Kirche, Kinder und Terror

Alles begann 2010 und mit viel Widerstand, Koni nach Burkina Faso zu begleiten.

Alles begann 2010 und mit viel Widerstand, Koni nach Burkina Faso zu begleiten. Das Betreten des afrikanischen Bodens veränderte nicht nur meinen Widerstand, sondern auch mich selber. Ich wusste: Ich komme wieder! Burkina Faso, das Land in der Sahelzone, ist 6 ½ mal so gross wie die Schweiz und hat um die 20 Mio. Einwohner.

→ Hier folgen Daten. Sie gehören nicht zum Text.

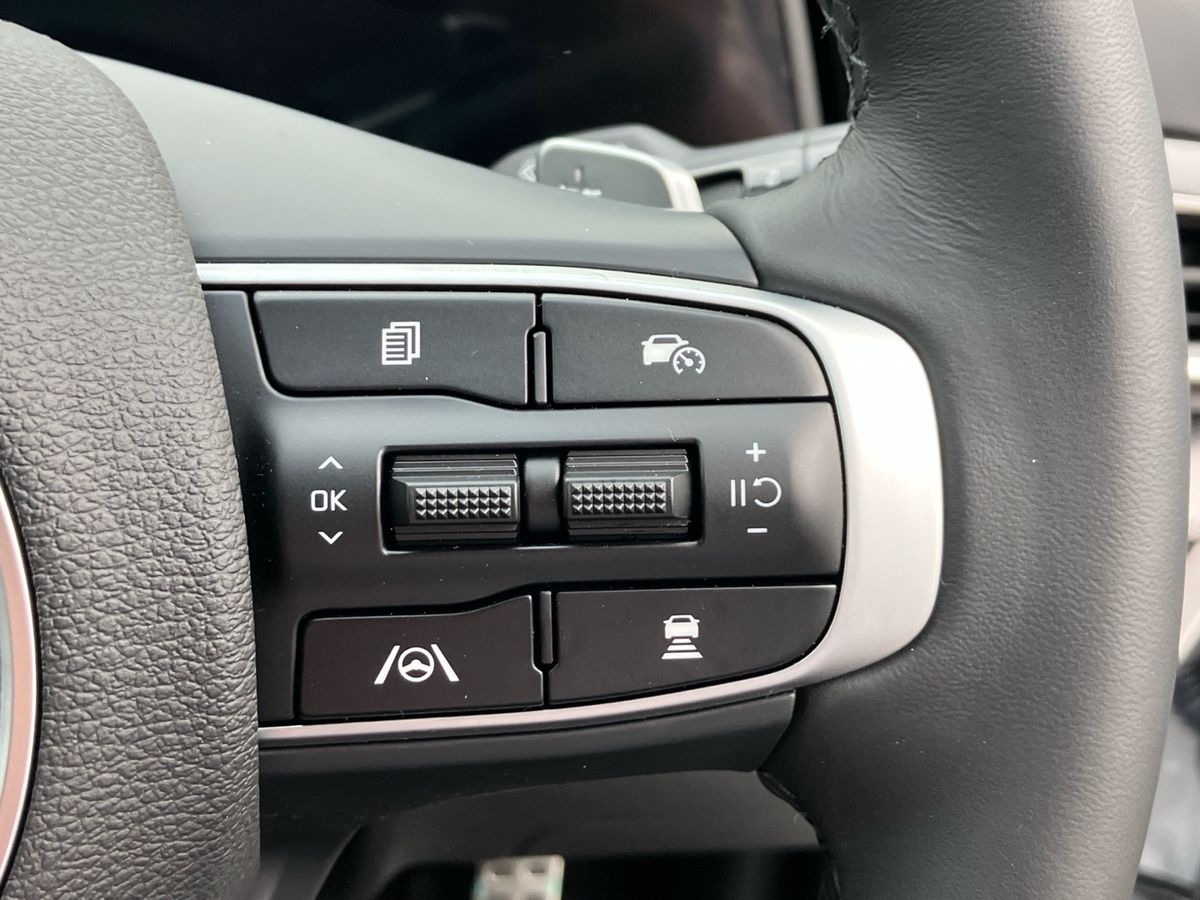 Used Kia Sportage 2025 for sale - 75787389: Photo 59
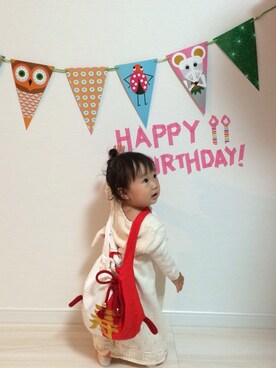 ♡natsu♡さんのコーディネート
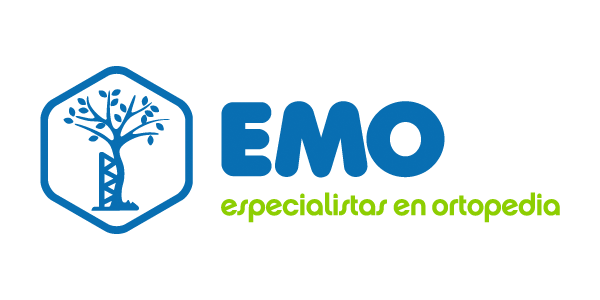 logo_EMO_horizontal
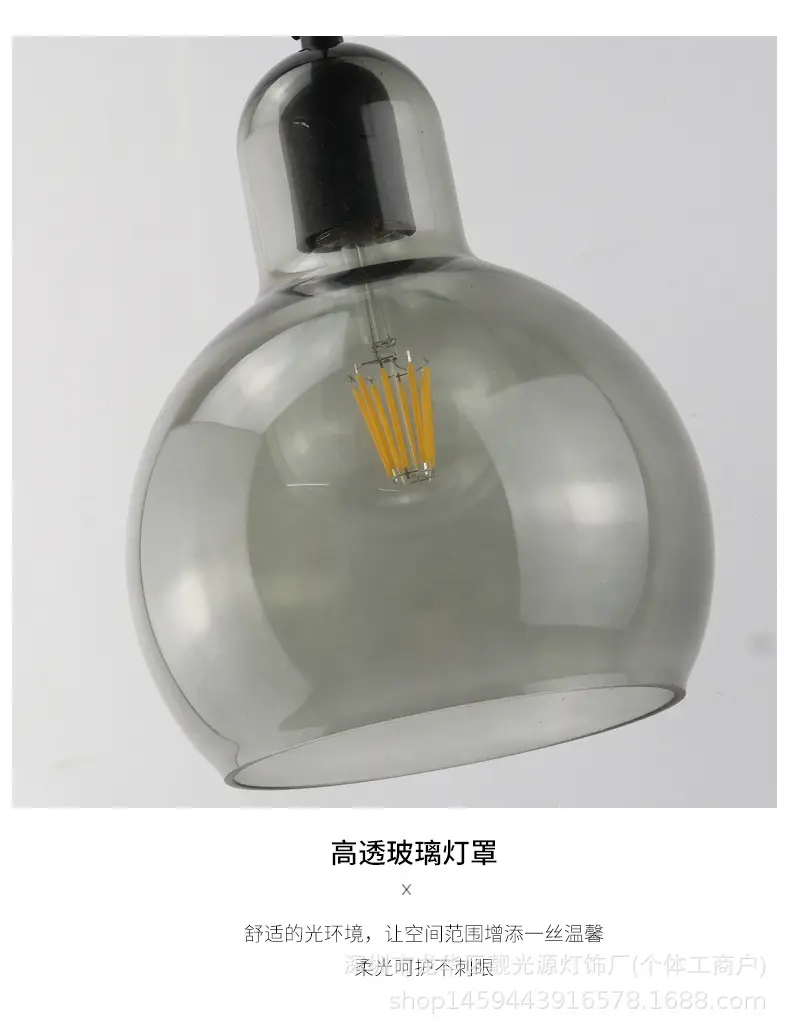 吊灯详情页1_16.jpg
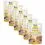 Brit Care MINI Rabbit & Salmon 6 x 85 g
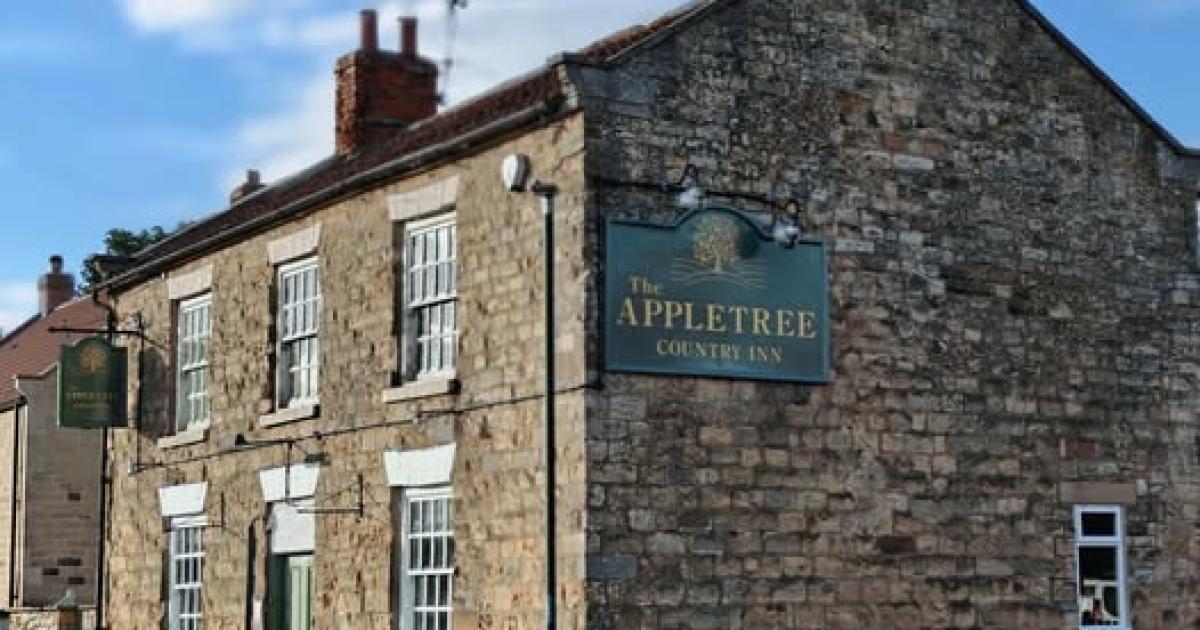 North Yorkshire village pub to reopen after being closed for 13 years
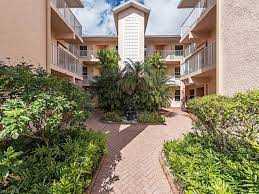 Cypress Housing Group Inc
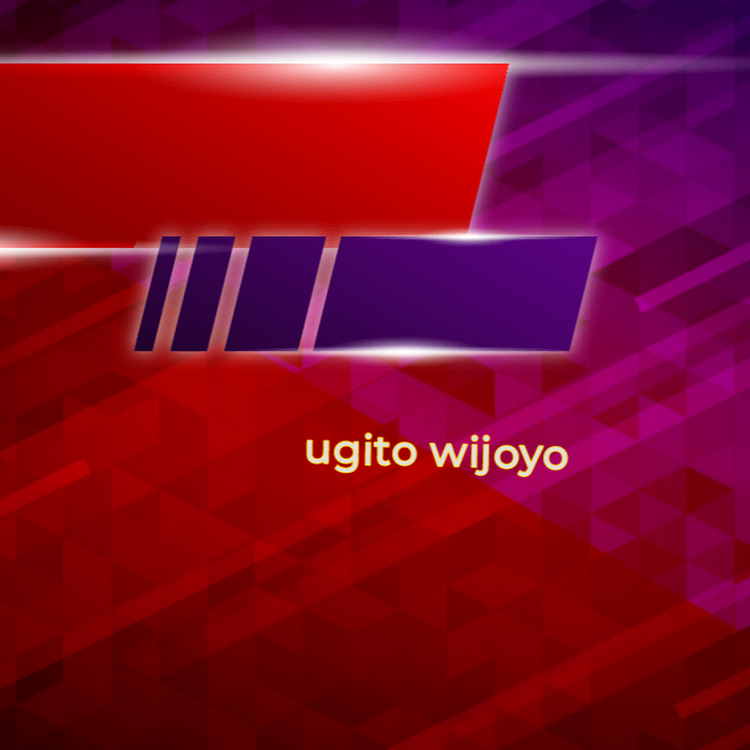 Ugito Wijoyo's avatar image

Lektion im Hinterhof der Kirche
Fünf Jahre später war ich wieder im Land, diesmal in der Hauptstadt Ouagadougou, an einer Konferenz mit dem Thema «Generationenwechsel in der Leiterschaft». Mir wurde angeboten, mein Anliegen «Integrieren von jungen Leuten in der Kirche», den Pastoren des nationalen Kirchenvorstandes weiterzugeben. In zwei Sessionen durfte ich sie von der Wichtigkeit der Integration der jungen Generation in die Gemeinden überzeugen. Was für ein Spass, den «älteren Herren» als Beispiel einer Sonntagsschul-Lektion die Geschichte von Bartimäus zu erzählen und mit ihnen einfache Kreisspiele im «geschützten» Hinterhof der Kirchenanlage durchzuführen – authentisch, so wie ich es mit Kindern machen würde. Wir lachten viel, waren wirklich wie Kinder… Ich nahm mir diese Freiheit im Wissen, dass ich einer von ihnen bin, ein Pastor, zwar ein älterer schon, aber noch voll da!

Bildlegende:
1.+2. Ausbildung von Leitenden in der Hauptstadt
     3. Leiterinnen beim z’Morge
     4. Kochgeschirr für Camps
     5. Ankunft von Kindern im Schulbus

Ausbildungswoche und anschliessendes Camp
Verantwortliche Pastoren aus dem Vorstand fragten mich, ob ich der Eglise Apostolique in Burkina Faso helfen würde, Leitende der Kinder-, Teenie- und Jugendbereiche in abgelegenen Regionen zu unterrichten. In den darauffolgenden Monaten organisierte ich zusammen mit meinem Pastorenkollegen Guillaume Gansaonre eine Ausbildungswoche für je zwei bis vier Verantwortliche der 12 Regionen Burkinas. Sie fand 2016 in einem Dorf im Norden des Landes statt. Anschliessend kamen aus der ganzen Region fast 300 Kinder und Teenies in ein 7-tägiges Camp. Es war ein «Learning-By-Doing» für die Burkinabé-Leitenden und ein Riesenspass! Die Pastoren hatten mir «Geschichten aus der Bibel erzählen» als eines der Hauptthemen vorgeschlagen, denn viele Leitende würden sich nicht trauen, diese Gechichten vor einer Gruppe von Kindern oder Teenies zu erzählen.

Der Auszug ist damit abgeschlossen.